Ma nella storia, nella costruzione di questa ennesima leadership tedesca c’entrano molto la politica, la capacità di pesare al tavolo del negoziato. Prima di tutto nell’Unione europea. L’anno chiave è il 1984, quando la Comunità europea decise di risolvere il cronico problema della sovrapproduzione di latte adottando la stessa formula utilizzata per l’acciaio: a ogni Paese viene assegnata una quota e chi la supera deve pagare una multa. Il presidente del consiglio era il socialista Bettino Craxi; ministro dell’Agricoltura Filippo Maria Pandolfi, un democristiano pragmatico e attento agli interessi delle categorie produttive. Ma la trattativa si chiuse con un risultato deludente per gli allevatori.

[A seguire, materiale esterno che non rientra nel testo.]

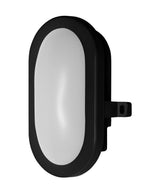 LEDVANCE LED-Ovalanbauleuchte 5,5W 4000K LED Bulkhead 6W 4000K Black 450lm sw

Allora come oggi le stalle italiane fornivano la metà del fabbisogno nazionale. Allora come oggi le eccedenze rispetto ai consumi interni si accumulavano altrove: Olanda, Francia, Danimarca e, naturalmente, Germania. Pandolfi accettò che la nostra quota di produzione fosse pietrificata al livello raggiunto nel 1983: 9 milioni di tonnellate all’anno. Dal punto di vista puramente settoriale quell’impegno risultò già all’epoca un’insensata camicia di forza, tanto è vero che negli anni successivi, come si vede nei grafici, gli allevatori italiani furono costretti persino a buttare via il latte per non essere sanzionati.

Ma allora perché il governo di Roma accettò? Il sacrificio sulle stalle fu compensato da vantaggi ottenuti su altre voci agricole, a cominciare dal vino per finire con gli agrumi: comparti nei quali l’Italia aveva accumulato ingenti surplus di prodotto. A trent’anni di distanza continuiamo a comprare latte sfuso dalla Germania per una spesa pari a circa 1,1 miliardi di euro, ma i tedeschi acquistano il 20% del nostro export di vini, per un controvalore analogo, vicino al miliardo di euro.

L’effetto della globalizzazione sta cambiando qualcosa anche qui. La domanda cinese mantiene ad alta quota l’export tedesco, mentre le industrie italiane cominciano a comprare latte e semilavorati dai Paesi dell’Est, Polonia, Slovenia, Ungheria, Lituania. Fenomeni che potrebbero esaurirsi nel tempo: il governo di Pechino si è posto l’obiettivo della autosufficienza in cinque anni. I bassi costi della produzione nell’Est Europa, invece, sembrano destinati ad allinearsi con la media europea nel breve periodo, dissolvendo il vantaggio competitivo rispetto a Germania, Olanda e Francia.